Klasik müziğin rolünü yansıtan Haller, “tüm Alman entelijansiyanın kaderi” ne karşı saygı duyduğu tavrında görür: hayatı bilmek yerine, Alman entelektüel “müziğin hegemonyası”, sözsüz bir dilin hayalini kurar, “ifade edilemez ifade edebilme”, "asla gerçeğe dönüşmeyen" ve sonuç olarak - "akıl ve mutlak sesler ve ruhlar dünyası" Alman zihni orijinal görevlerinin çoğunu kaçırdı ... zeki insanlar, gerçeği tamamen bilmiyordu, ona yabancı ve düşmanca davrandılar ve bu nedenle "Alman gerçekliğimizde, tarihimizde, siyasetimizde, kamuoyumuzda zekanın rolü çok sefildi." Gerçeklik, entelektüelleri "gereksiz, gerçeklikten boşan, esprili konuşmacıların sorumsuz şirketi" olarak gören generaller ve sanayiciler tarafından belirlenir. Kahramanın ve yazarın bu yansımalarında, görünüşe göre, Alman gerçekliğinin birçok “lanet olası” sorusuna ve özellikle de dünyadaki en kültürlü uluslardan birinin neden neredeyse insanlığı yok eden iki dünya savaşını serbest bıraktığı sorusu yatıyor.

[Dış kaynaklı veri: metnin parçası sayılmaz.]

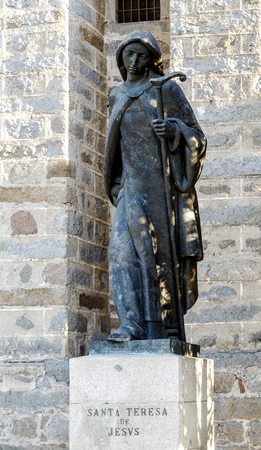 Avila, Spain - April 18, 2014: Sculpture of St. Teresa of Jesus in Avila, bronze at the gates of the monastery of the Incarnation. Spainのeditorial素材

Romanın sonunda, kahraman kendini maskeli baloda bulur ve burada erotizm ve caz unsurlarına dalar. Genç bir erkek gibi giyinmiş ve “lezbiyen büyüsü” olan kadınları yenen Hermina'yı ararken Harry, şeytan müzisyenlerinin oynadığı “cehennem” restoranının bodrumunda bulunur. Maskeli balo atmosferi Walpurgis kahramanına Goethe's Faust'taki geceyi hatırlatıyor (şeytanlar, sihirbazlar, günün gece yarısıdır) ve Hoffmann'ın masal vizyonları, zaten Hoffmann'ın bir parodisi olarak algılanıyor, burada iyi ve kötü, günah ve erdem ayırt edilemez: “... hoppy dans maskeler yavaş yavaş çılgın, fantastik bir cennet haline geldi, birbiri ardına yaprakları aromalarıyla beni baştan çıkardı <...> yılanlar baştan çıkarıcı bir şekilde yeşilliklerin yeşil gölgesinden baktılar, dallar üzerindeki siyah bir bataklığın üzerine yükselen bir lotus çiçeği, dallarda ateşler ... " Dünyadan kaçan Alman romantik geleneğinin kahramanı, kişiliğin bölünmesini veya çoğalmasını gösterir: Ona bir filozof ve hayalperest, bir müzik aşığı bir katil ile birlikte olur. Bu, Haller'in narkotik bitkilerin uzmanı Hermina'nın saksofoncu Pablo'nun bir arkadaşının yardımıyla aldığı "sihirli tiyatro" da ("sadece deli için giriş") olur. Kurgu ve gerçeklik birleşir. Haller, ya bir fahişe ya da kendi ilham perisi olan Hermina'yı öldürür, hayatın anlamını açıklayan büyük Mozart'la tanışır - çok ciddiye alınmamalıdır: “Yaşamalı ve gülmeyi öğrenmelisin ... hayatın lanet olası radyo müziğini dinlemeyi öğrenmelisin ... ve kargaşasına gülüyorum. ” Bu dünyada mizah gereklidir - umutsuzluktan kaçınmalı, bir kişide akıl ve inancın korunmasına yardımcı olmalıdır. Sonra Mozart, Pablo'ya dönüşür ve kahramanı, hayatın kurallara kesinlikle uyması gereken oyunla özdeş olduğuna ikna eder. Kahraman, bir gün tekrar oynayabileceği gerçeğiyle rahatlar.